Work to complete :: Print the listing from its top line through the line containing "Click or tap", nothing more, and leave out the pictures.

__________

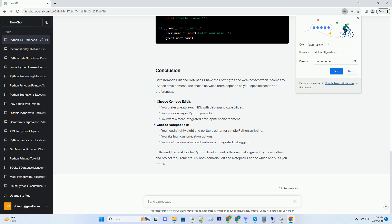Choose Komodo Edit if... Choose Notepad++ if... In the end, the best tool for Python development is the one that aligns with your workflow and project requirements. Try both Komodo Edit and Notepad++ to see which one suits you better.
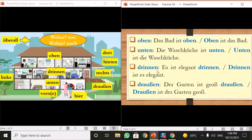Next is 'drinnen,' which means 'inside.' For example: 'Es ist elegant drinnen' — it is elegant inside. Or 'Drinnen ist es elegant' — inside it is elegant. So it is elegant inside the house in this sense.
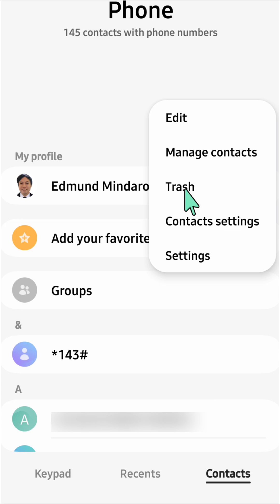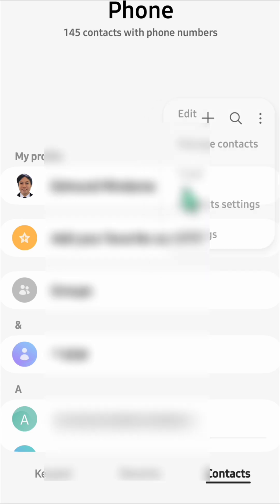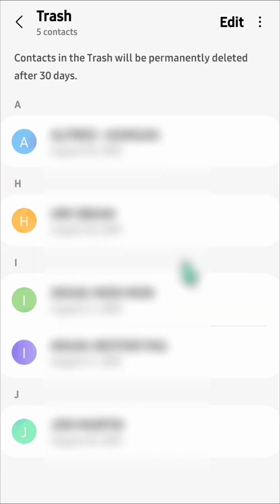Click or tap on Trash to open it. In the Trash folder, contacts will be permanently deleted after 30 days. If you want to recover one of those deleted contacts,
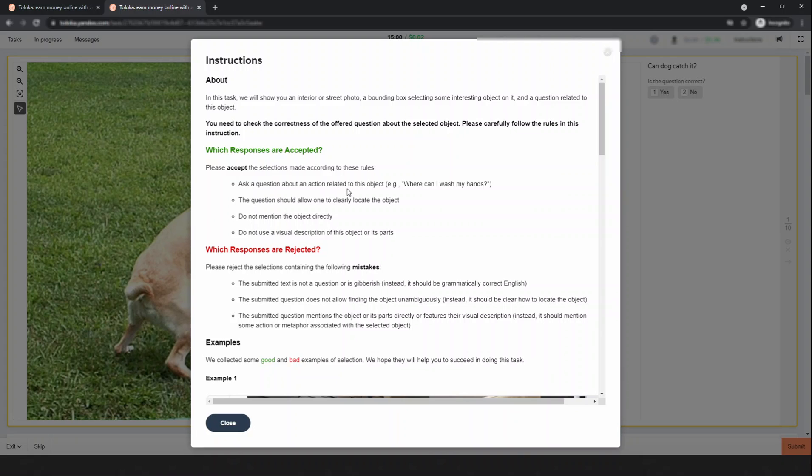For example, 'Where can I wash my hands?' The question should allow you to clearly locate the object without mentioning the object directly. Do not use a visual description of the object or its parts.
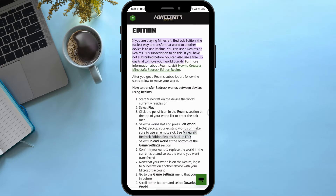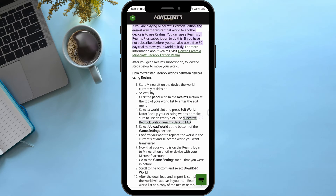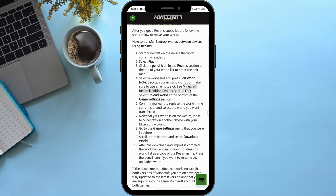Select Play. Click the pencil icon on the Realms section at the top of your world list to enter the edit menu. Select a world slot and press Edit World. Note: backup your existing worlds and make sure to use an empty slot.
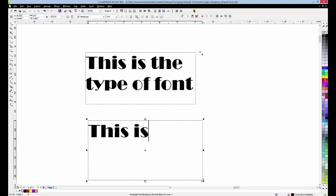If we open a new page, it goes back to the Arial 12 point. So that's how you change the default font and size on the page you're working with. Hope you found this helpful.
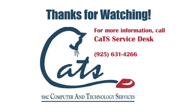If you have any questions or would like to learn more, please call the CAT service desk at extension 4266.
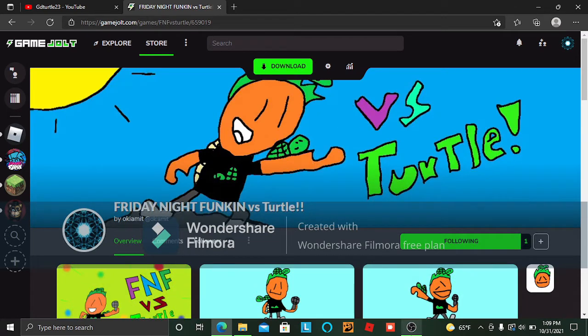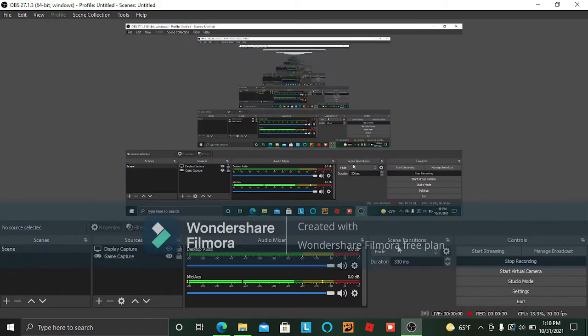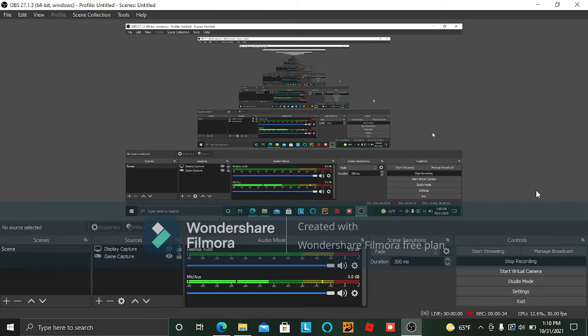Go play my game - link in the description, I guess. And that's really all I wanted to show you.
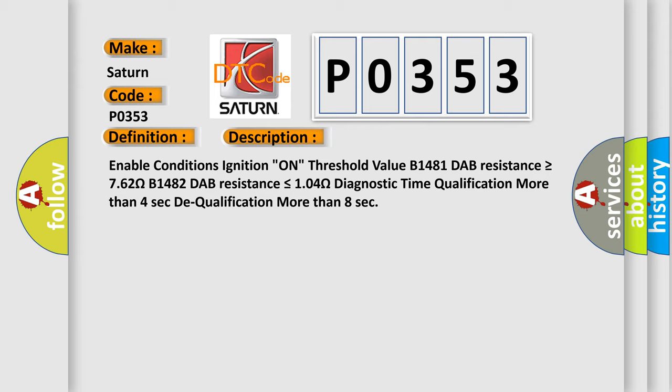Diagnostic time qualification more than 4 seconds, dequalification more than 8 seconds.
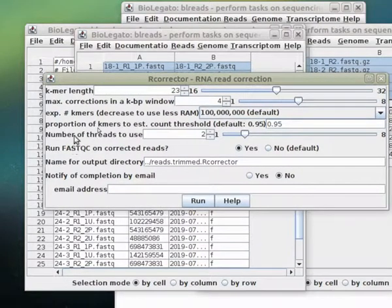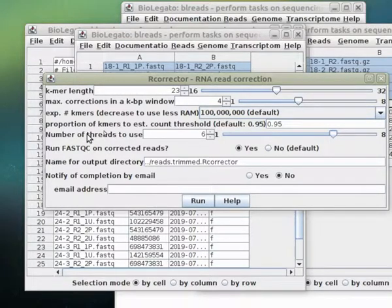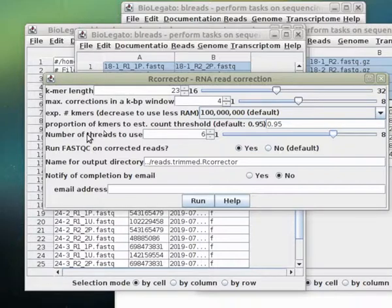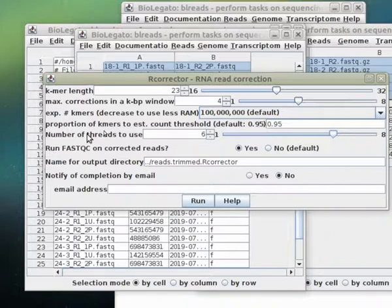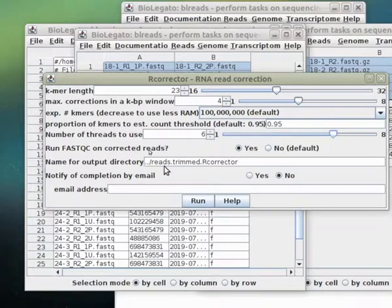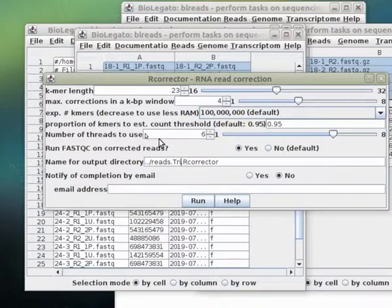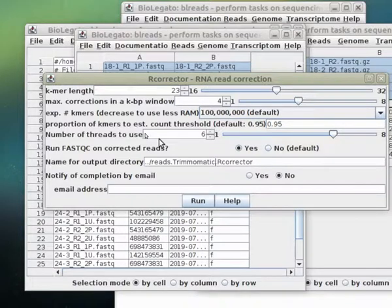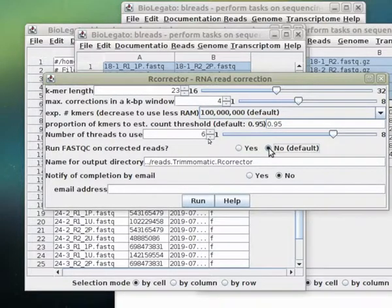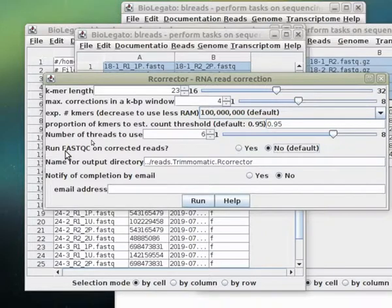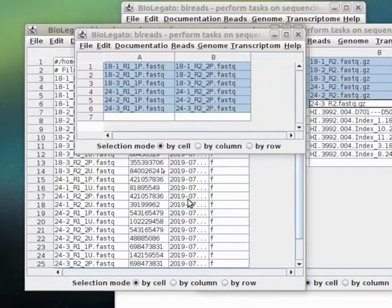In most cases, you can go with the defaults, although I am going to increase the number of threads. This machine has eight CPUs, so I'm going to use six of them, and the memory is 16 gigabytes. The output is going to be sent to a new directory called reads.trimmed.Rcorrector. I'm just going to change that to be a little more specific to Trimmomatic in case I wanted to do one run with Trimmomatic, another run with TrimGalore. I would have the output going to different directories, and then I could compare the results. Just to speed things up, I'm going to turn off automatic FastQC running on the corrected reads. Then I'm going to launch the program.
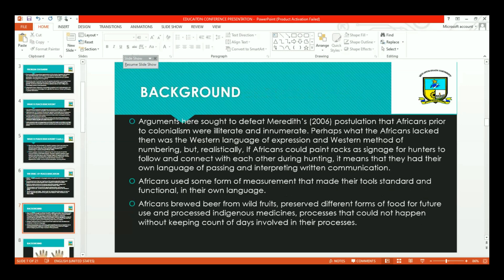For the background section, the arguments here sought to defeat Meredith's postulation made in 2006, that Africans, prior to colonialism, were illiterate and innumerate. Meredith's postulation insinuates that it is colonialism that brought light to the Africans, and that Africans had no way of expressing their peace before colonialism — a kind of dark ages concept. I am countering this in order to decolonize the conception of peace education processes and enlightenment about Africa.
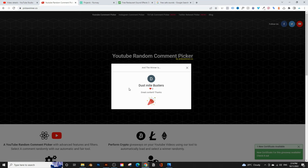You'll find my email at the bottom of this video's description. If you want to win just like Dustmite, just hit the like button, subscribe to the channel, hit the notification bell, and comment down below — and I'll announce the next winner in next week's video. With that said, let's get started with today's video.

__________

Response area ::
Choose Komodo Edit if... Choose Notepad++ if... In the end, the best tool for Python development is the one that aligns with your workflow and project requirements. Try both Komodo Edit and Notepad++ to see which one suits you better.
Next is 'drinnen,' which means 'inside.' For example: 'Es ist elegant drinnen' — it is elegant inside. Or 'Drinnen ist es elegant' — inside it is elegant. So it is elegant inside the house in this sense.
Click or tap on Trash to open it. In the Trash folder, contacts will be permanently deleted after 30 days. If you want to recover one of those deleted contacts,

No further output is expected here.